Der Sozialwissenschaftler Hartmut Krauss demonstriert, wie die wissenschaftliche Religionskritik unter dem Vorwand eines angeblichen „Rassismus“ ausgehebelt wird, aber nur im Umgang mit dem Islam. Der Historiker David Engels betrachtet den wissenschaftlichen Umgang mit der (meist illegalen) Migration, der besonders deutlich macht, wie politische Vorgaben als „alternativlos“ hingestellt werden (was sie nie sind), sodass jemand, der jene kritisch sieht, öffentlich als bestenfalls irrational, schlimmstenfalls als „Nazi“ bezeichnet werden darf. Der Sprachwissenschaftler Heinz-Dieter Pohl beleuchtet die Gendersprache, die das Sagbare schon rein sprachlich vorgeben will.

Positives Beispiel Ungarn

Diese und die anderen Beiträge sind tiefschürfend genug, um die Schlussfolgerung zuzulassen, dass die Wissenschaftsfreiheit in Deutschland bedroht ist.

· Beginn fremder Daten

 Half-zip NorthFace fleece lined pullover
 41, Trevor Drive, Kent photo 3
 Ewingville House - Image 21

Was kann dagegen getan werden? „Von dem, was man heute an den Universitäten denkt, hängt ab, was morgen auf den Plätzen und Straßen gelebt wird“, sagte der Philosoph Ortega y Gasset.

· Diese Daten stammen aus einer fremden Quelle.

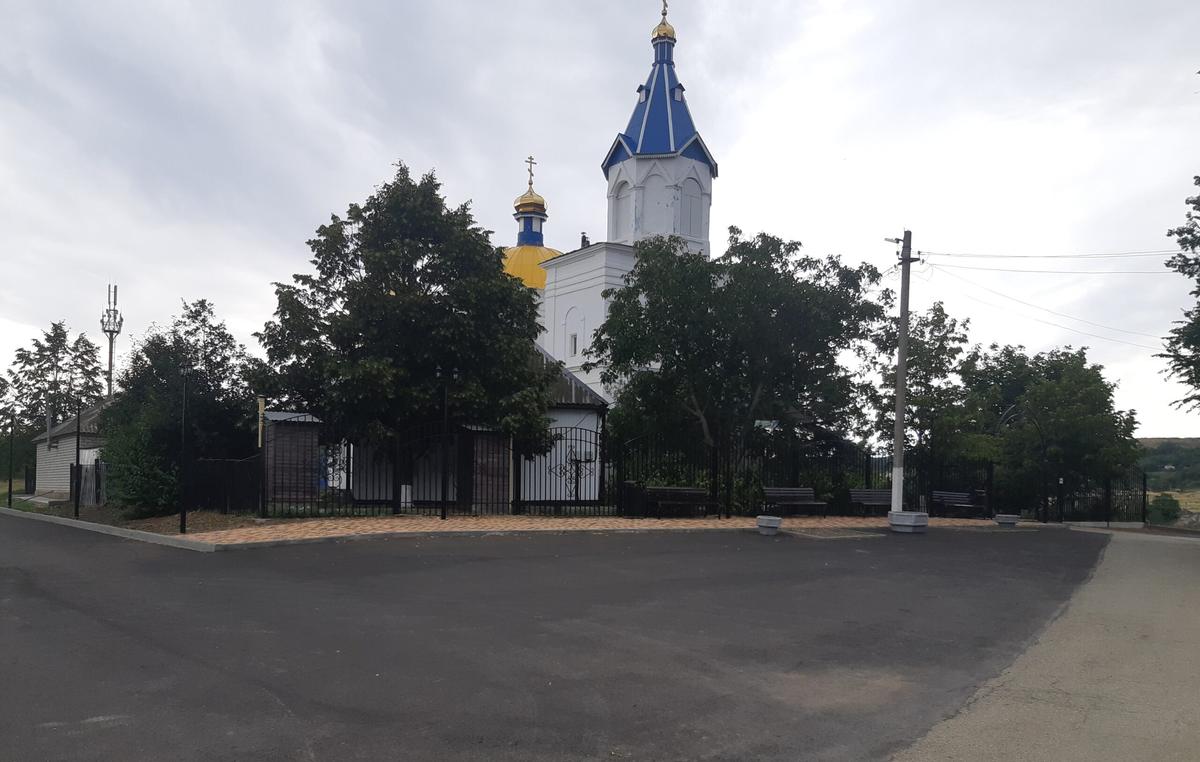 Территорию около православного храма облагородили в селе Сухая Буйвола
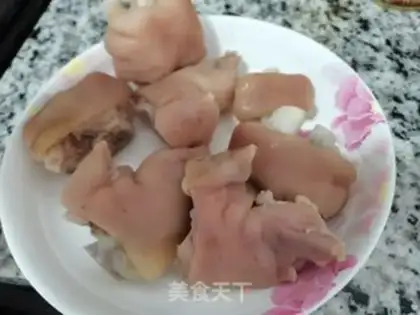 Make Spicy spicy pig hoof step 2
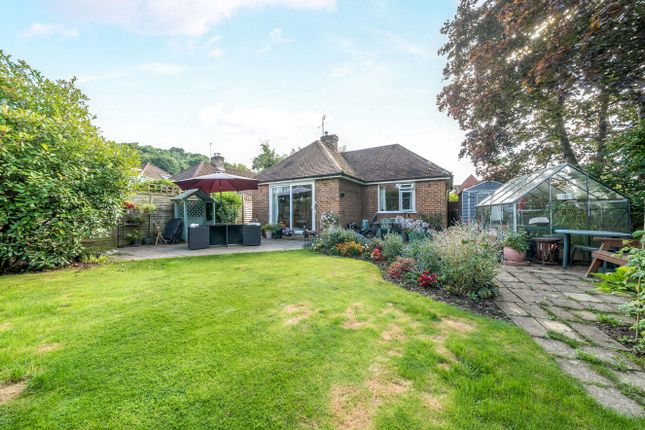 Catteshall Road, Surrey GU7 2 bed bungalow for sale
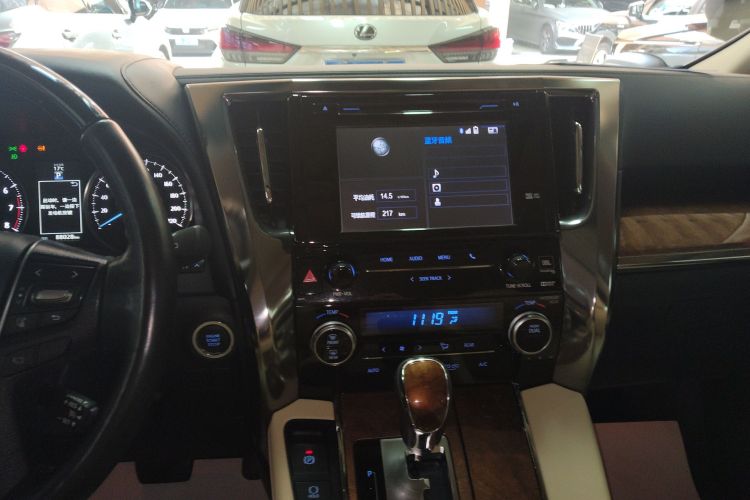 Toyota Alphard 2017 car image #17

„Cancel Culture“ und „politische Korrektheit“ sind linksliberale Mittel zur Erlangung und zum Erhalt der Macht; die Linke hat das erkannt und wendet deshalb diese Mittel mit äußerster Konsequenz an. Auch hier ist Foucault mit seiner Diskurstheorie, die sich Diskurs nur unter dem Gesichtspunkt der Macht vorstellen konnte, entscheidend.

Nur eine Gegenmacht, also nichtstaatliches Geld für unabhängige Institute und Universitäten, besser aber staatliche Maßnahmen einer nicht-linksliberalen Regierung können demnach eine Änderung bewirken. Dass das geht, wird zum Beispiel in Ungarn demonstriert.

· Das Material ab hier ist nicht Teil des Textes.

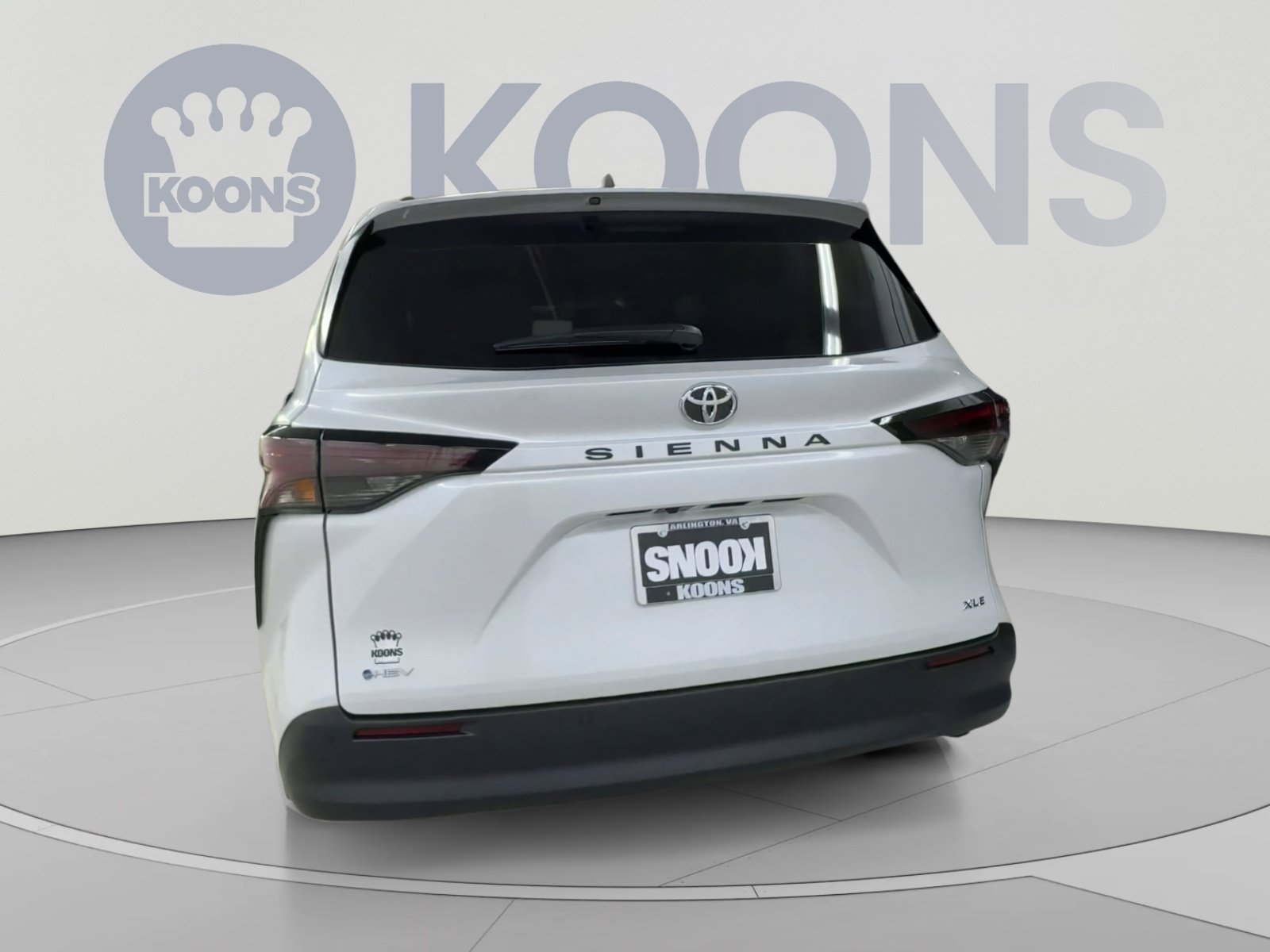 Used 2026 Toyota Sienna XLE FWD image 10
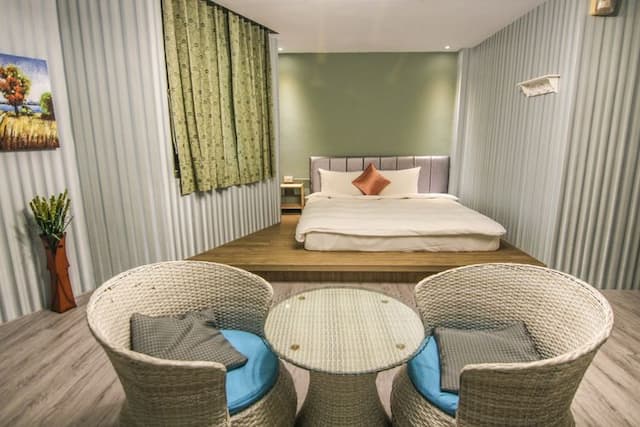 Loft Inn-Lake-View Twin Room-9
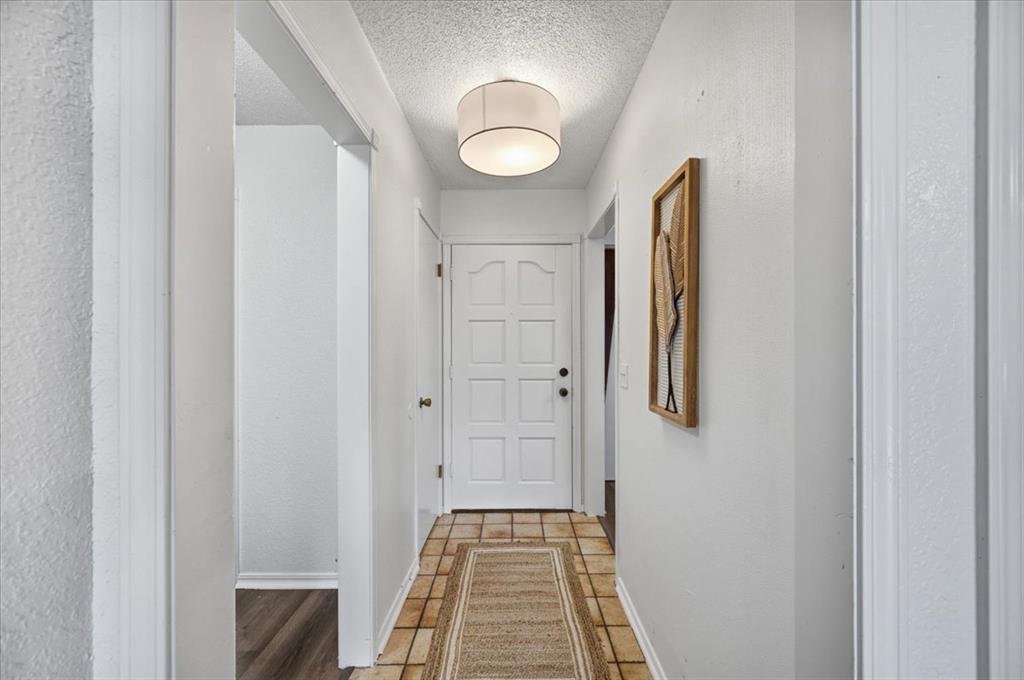 10605 Kristie Lane Property Photo 4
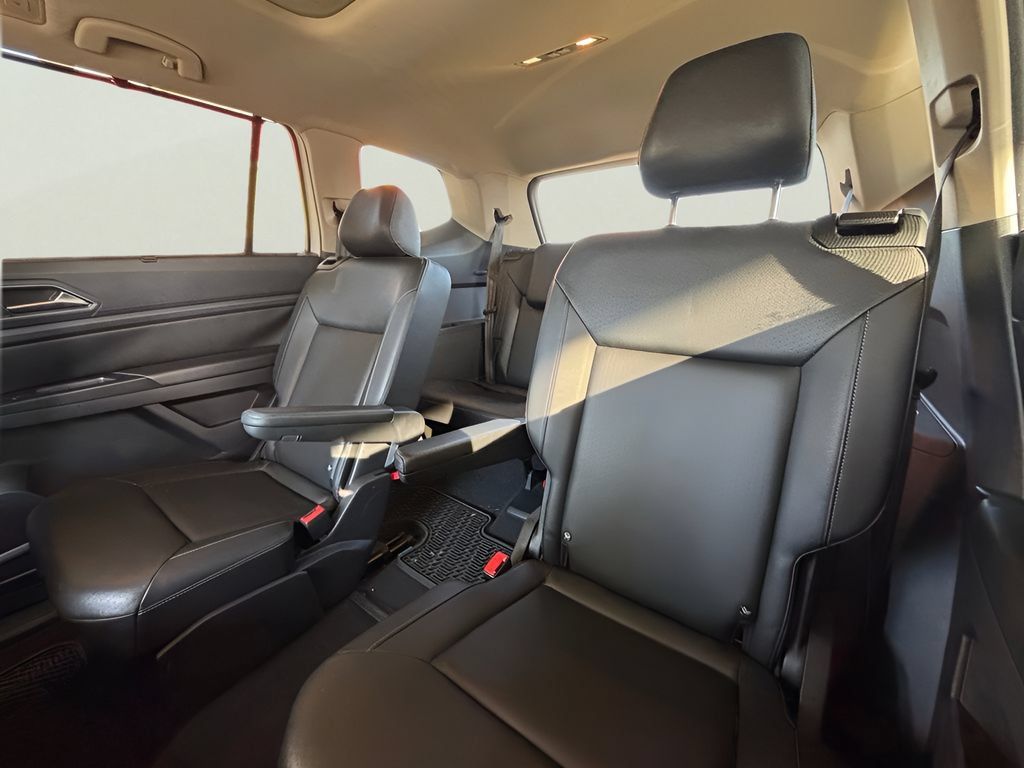 Used 2019 Volkswagen Atlas SE w/ Panoramic Sunroof Package FWD image 12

Harald Schulze-Eisentraut, Alexander Ulfig (Hrsg.): Angriff auf die Wissenschaftsfreiheit. Wie die Cancel Culture den Fortschritt bedroht und was wir alle für eine freie Debattenkultur tun können.

FBV, München, 2022,
265 Seiten, 25 Euro.

Schreibe einen Kommentar

Weitere Artikel

Rezension: „aus meinen schenkeln entfaltet sich dein duft“ von Melinda Varga

Lust auf Erotik?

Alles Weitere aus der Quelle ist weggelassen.